═══ INFORMATION ═══

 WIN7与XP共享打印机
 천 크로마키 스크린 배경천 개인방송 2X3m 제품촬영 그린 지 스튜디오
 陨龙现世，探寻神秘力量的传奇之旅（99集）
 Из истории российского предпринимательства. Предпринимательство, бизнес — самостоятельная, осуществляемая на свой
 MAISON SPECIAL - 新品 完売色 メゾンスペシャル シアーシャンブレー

═══
═══ INFORMATION ═══

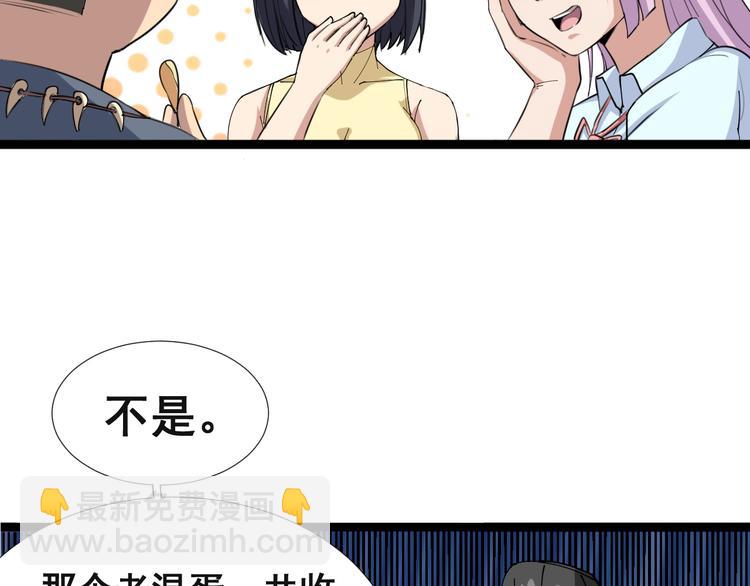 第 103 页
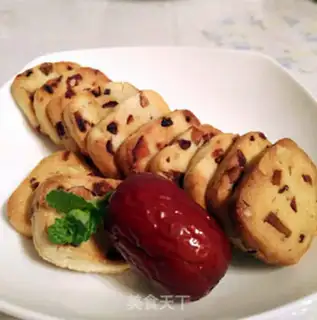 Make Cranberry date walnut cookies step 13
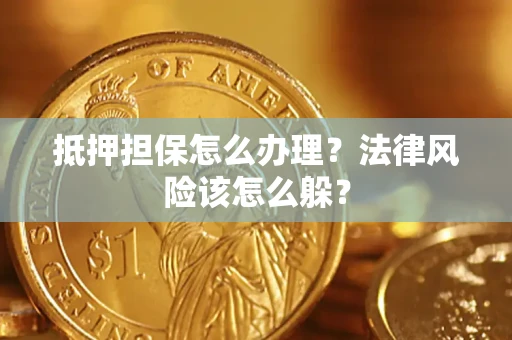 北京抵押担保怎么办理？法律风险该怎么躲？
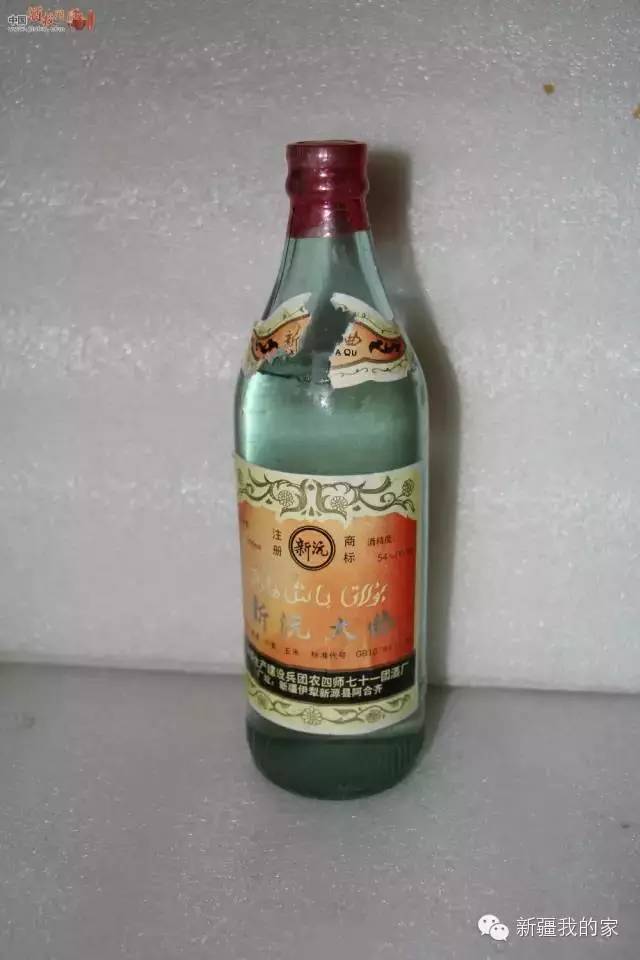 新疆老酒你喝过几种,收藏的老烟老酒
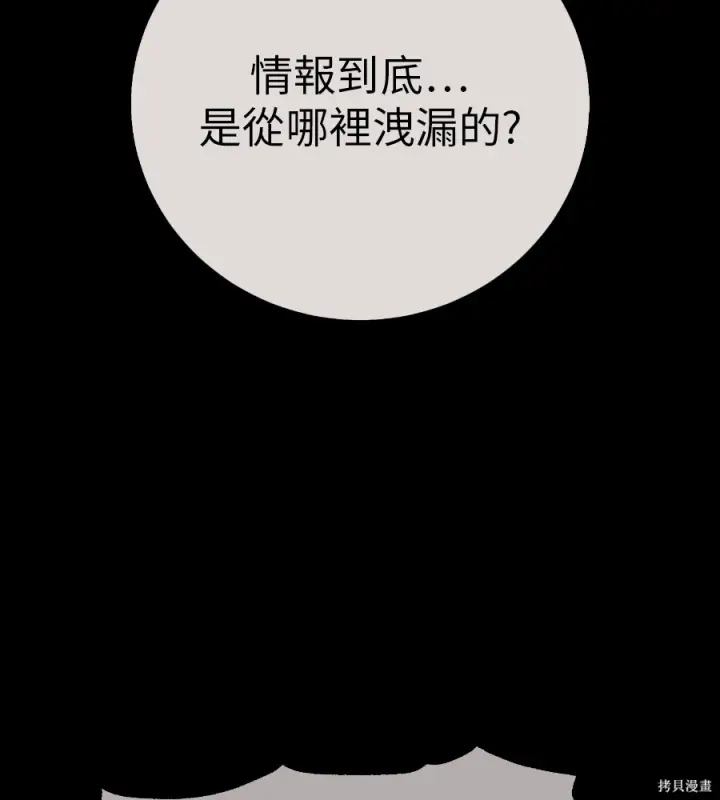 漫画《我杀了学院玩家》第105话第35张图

═══

__WHAT THE TASK REQUIRES__: Write out exactly the lines above between the line with "천 크로마키 스크린 배경천 개인방송 2X3m 제품촬영 그린 지 스튜디오" and the line with "MAISON SPECIAL - 新品 完売色 メゾンスペシャル シアーシャンブレー", inclusive, and nothing beyond them.

__EXERCISE RESULT__:
 천 크로마키 스크린 배경천 개인방송 2X3m 제품촬영 그린 지 스튜디오
 陨龙现世，探寻神秘力量的传奇之旅（99集）
 Из истории российского предпринимательства. Предпринимательство, бизнес — самостоятельная, осуществляемая на свой
 MAISON SPECIAL - 新品 完売色 メゾンスペシャル シアーシャンブレー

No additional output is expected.